Os dois homens, atraentes e agradáveis um para o outro, vão partilhando de uma intimidade física cada vez maior e de uma proximidade emocional progressiva.
Os impulsos amorosos entre os dois vão se incrementando até que o Jack, cuja via homossexual era mais acessível que a do Ennis, força este último a abraçá-lo. Seria como se ele dissesse: “aqui não temos que nos submeter a nada, deixe de se apegar à via heterossexual como única possibilidade de descarga dos impulsos amorosos; pode usar a via homossexual; eu já a estou usando; eu posso amá-lo e você pode me amar”.
O Ennis se desorienta por alguns instantes, titubeia, mas acaba aceitando o convite do Jack. Consuma-se então a primeira relação sexual-amorosa entre os dois homens.
A partir daí, os dois se entregam à vivência desse apaixonamento de forma totalmente livre. Brokeback Mountain assume, então, a conotação de um pequeno paraíso, isolado do mundo, onde os desejos originários, não submetidos à repressão, podem vir à luz e possibilitar um gozo sem restrições. Como eles estão fora do mundo, não têm que pagar o preço em sacrifício de prazer para que possam ser aceitos por esse mundo. Eles estão então, “alienados” e mergulhados num gozo sem limites, próprio da “alienação”.
Entretanto, chega o tempo de voltar. As ovelhas devem ser trazidas de volta e eles devem descer da montanha e entrar novamente no mundo, com todos os seus “tem ques”. No último momento desse retorno, eles se agridem para que possam se separar e cada um segue seu caminho.

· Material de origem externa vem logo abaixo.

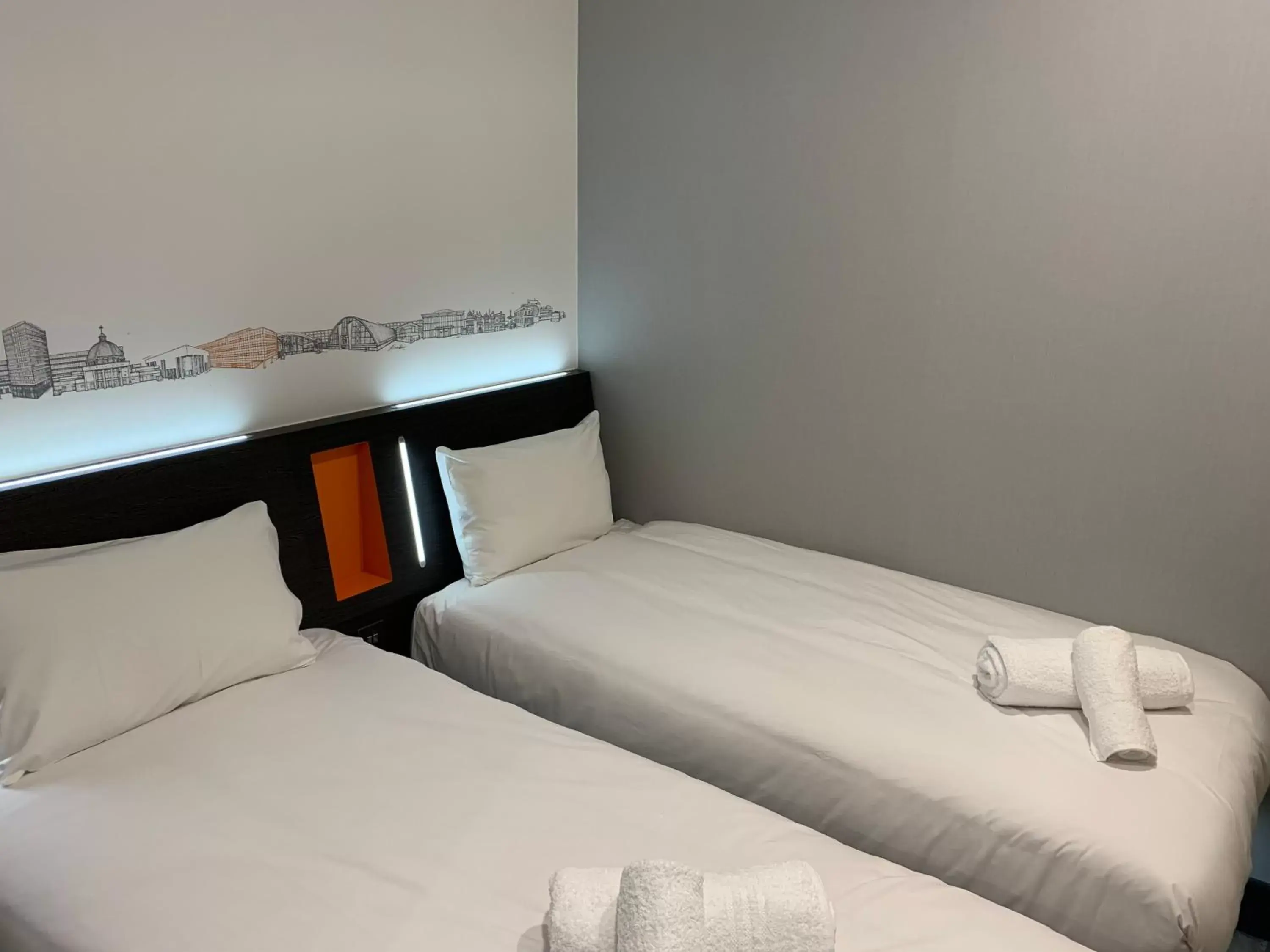 Bedroom, Bed in easyHotel Milton Keynes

Ennis reativa sua via heterossexual de obtenção de prazer, temporariamente suspensa, casa-se com Alma, tem duas filhas e uma vida razoavelmente adaptada ao meio social, com alguns prazeres e muitos dissabores e dificuldades próprios de uma vida comum. Atinge aquele estado de “infelicidade normal”, que é, talvez, o melhor a que podemos chegar neste “vale de lágrimas”...
Jack se deixa ser seduzido por Lureen, filha de um rico empresário, passa a viver economicamente bem, tem um filho e suporta, com um gosto amargo na boca, o casamento com a linda e rica donzela casadoira, de cujo pacote faz parte um sogro insuportável.

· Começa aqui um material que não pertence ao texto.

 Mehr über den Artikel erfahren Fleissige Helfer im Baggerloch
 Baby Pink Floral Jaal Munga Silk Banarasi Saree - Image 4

Esse estado de coisas permanece assim por 4 anos.
Coerentemente com sua estrutura mental menos adaptada, Jack é o primeiro a romper com esse incolor, inodoro e insípido arranjo emocional, que só poderia ser sentido dessa forma desde a comparação com as vivências intensas e fantásticas que tinha tido no “paraíso”. Escreve para o Ennis, dizendo que vai visitá-lo. Esperando tal encontro, Ennis entra num grande tumulto mental. Ele se vê, subitamente, subjugado pelas lembranças daquelas vivências de amor e pela possibilidade de revivê-las.
O reencontro dos dois se converte numa ânsia amorosa devoradora, deixando-os totalmente subjugados pela explosão da via homossexual, represada durante tantos anos.

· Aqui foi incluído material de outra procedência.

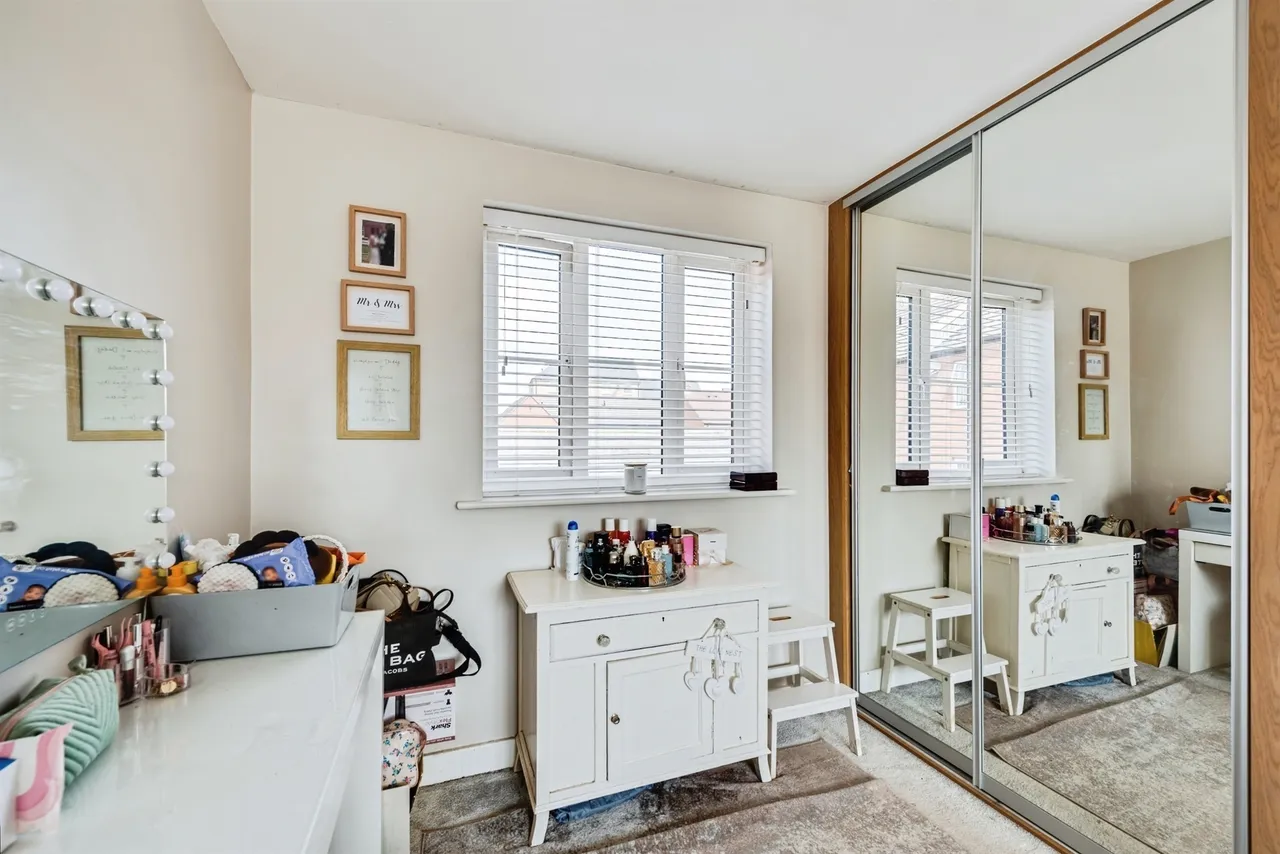 Fenby Place, Swindon, photo 10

Passado o inicial “furor de gozo” daquele momento de reencontro, eles se dão conta de que tudo aquilo não poderia ser vivido dentro do mundo real, mas apenas no “paraíso”, onde estão suspensas as repressões cobradas pela sociedade.
Decidem, então, largar tudo para viver alguns dias de “pescaria” em Brokeback Moutain.
A partir daí, pelos próximos 15 anos, eles se encontram periodicamente, deixam o mundo real e se refugiam por algum tempo no isolamento da montanha, onde podem viver intensamente a sua paixão.
Durante todo esse tempo, Jack tenta convencer Ennis a construir uma vida juntos, descendo do “paraíso” e aterrorizando no mundo real, onde cuidariam de uma pequena granja e seriam felizes para todo o sempre. Isto é, por estar menos subjugado às leis do mundo, à repressão, ele acredita ser possível viver a ligação amorosa-sexual proibida, à revelia dessas leis. Ennis, no entanto, mais sujeito às repressões, tendo tais leis mais consistentemente internalizadas, recusa sempre essas propostas, magoando muito o Jack (“tenho que ficar com minhas filhas neste fim de semana”). Jack, aparentemente, não se deu conta da relação entre a paixão proibida e a montanha-paraíso, não entendeu quando Ennis disse: “o que tivemos acaba aqui”. Talvez nem o Ennis tenha entendido, mas apenas seguido os imperativos das leis culturais internalizadas em seu “eu”. Tal frase foi dita pelo Ennis em referência apenas à primeira relação deles, no entanto parece que o sentido dela era muito maior, abrangendo toda a vida amorosa dos dois.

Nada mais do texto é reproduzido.